Chaos Engineering: Navigating Turbulence in Production
This article is the second in a three-part blog series on chaos engineering. You can read the first part here.
It is not hard to understand why digital engineers get a little bit nervous when we start to talk about chaos engineering. ‘Shift Left’ has taught engineering teams the value of testing and fixing bugs as early as possible in the digital lifecycle, especially if they have ever spent significant time unraveling problems that were not discovered early.
So, when we discover faults earlier on, that must mean better quality software, and fewer late nights for hard-working development teams fixing issues, right? If only it worked that way.
“A distributed system is one in which the failure of a computer you didn’t even know existed can render your own computer unusable.” (Leslie Lamport)
With the rise of more complex software, IoT, cloud, distributed systems, and microservices, a new approach to quality and resilience is required to account for the many permutations and interdependencies between all the constituent parts. This is where chaos engineering comes in. Traditional software testing verifies the code is doing what we want it to (and continues to be an essential part of digital engineering). Chaos engineering, meanwhile, is a way of testing that the entire system is doing what we want it to, and code is just one part of the mix. To do this effectively, we must test the system in production. This is because many other factors, like state, inputs, and how external systems behave, all play a part in the way a system runs.
This complexity has given rise to the idea of “dark debt,” referring to the unforeseen anomalies that happen in complex systems when different parts of the software and hardware interact with one another in ways we can’t predict. The term borrows from the concepts behind “technical debt” (IT) and “dark matter” (space) to suggest the inevitable, unseen complications that arise in complex systems. This is exactly what chaos engineering seeks to identify. How that turbulence in production is managed is a critical part of the planning that needs to go into every experiment. Navigating safely through these stormy waters will ensure greater confidence in and resilience of the whole system.
No surprises
The approach Apexon advocates is one we outlined in the first of our chaos engineering blogs. Talk to co-workers, explain your plans, and don’t do anything if you suspect it will fail. (In that case, fix the weakness).

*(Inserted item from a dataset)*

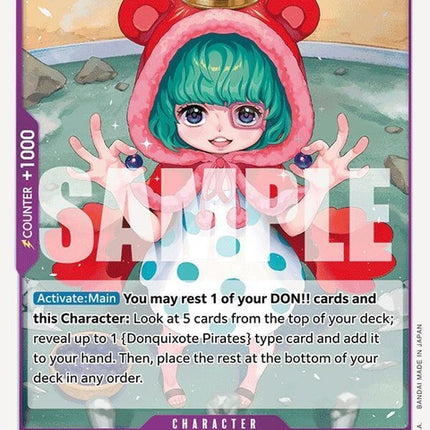 op10-065-sugar065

Chaos engineering is no substitute for resiliency planning and patterns. Instead, organizations embarking on chaos engineering should carefully create hypotheses they wish to prove, considering how to limit their blast radius. The meticulously planned reality of chaos engineering is a far cry from how it was once described by Amazon’s Werner Vogel, “Break everything to see how your systems respond.”
Small is beautiful
Start small and limit the blast radius of your experiments. That includes taking into consideration when the experiment runs, and which departments and resources are available after the experiment runs. By now, I hope it is clear that when we talk about chaos engineering, it’s never about cutting a cable or unplugging a machine randomly to see what happens. The goal is to prove a hypothesis. Even when fault tolerance is within acceptable margins, there are always insights to be gained from examining how the system responded.
The environment matters
If running experiments in a full production environment feels like a step too far into the abyss, that’s ok. For an organization’s baby steps in chaos engineering, production may be too risky. In this case, they should start in a different environment, but one that is as close to the production environment as possible. Quite simply, the findings will not be sufficiently relevant to shed light on potential failures of the system unless the environment is very similar.
Keep going
Software and systems are continuously being tweaked, so chaos engineering experiments should mirror this. It is not safe to assume that if a system responded to a fault injection test (FIT) in a particular way a month ago, the same holds true today. Many of these experiments can be automated, which enables engineers to focus on increasing the scope, intensity, and variety of tests.
Expanding efforts
Once you’ve tested the system for one type of fault, it’s time to adapt the hypothesis. It may also be time to try other hypotheses. Organizations that embark on chaos engineering sometimes get “stage fright” after the initial few tests, especially if these have been fairly minor. The thinking goes a little like this, “I don’t think there’s a problem in service X, but it’s too big a deal to risk.” Wrong!! Remember dark debt and the unforeseen anomalies inherent in complex systems? As Nora Jones from the original Netflix chaos engineering team has said, “Chaos engineering doesn’t cause problems. It reveals them.” Instead of getting cold feet when it matters most, organizations should absolutely tackle the big, important services, but do so in a careful, cautious way. When it comes to improving resiliency and confidence in systems, knowledge is power.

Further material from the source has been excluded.